What is being asked: Could you copy every line from the material below in which "Black" appears?

Working data:
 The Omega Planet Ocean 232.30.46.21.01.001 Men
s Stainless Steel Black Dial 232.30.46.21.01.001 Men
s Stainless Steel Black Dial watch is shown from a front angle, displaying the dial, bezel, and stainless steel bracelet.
* * *
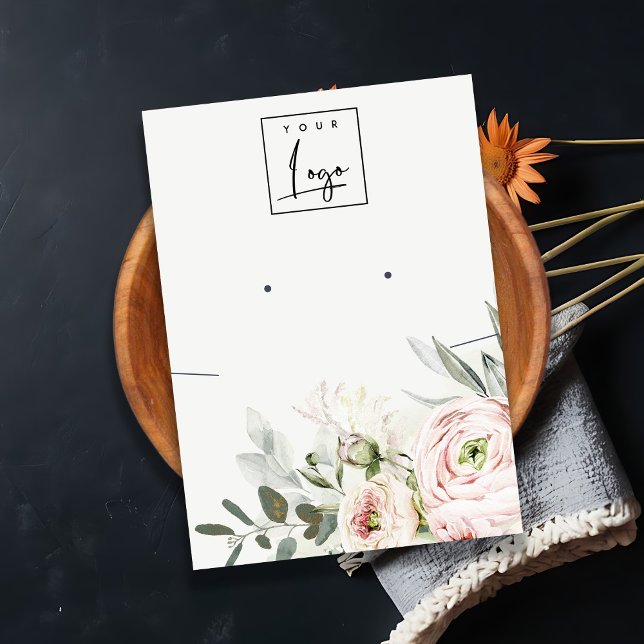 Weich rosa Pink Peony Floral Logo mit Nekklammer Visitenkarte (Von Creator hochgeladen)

Answer below:
s Stainless Steel Black Dial 232.30.46.21.01.001 Men
s Stainless Steel Black Dial watch is shown from a front angle, displaying the dial, bezel, and stainless steel bracelet.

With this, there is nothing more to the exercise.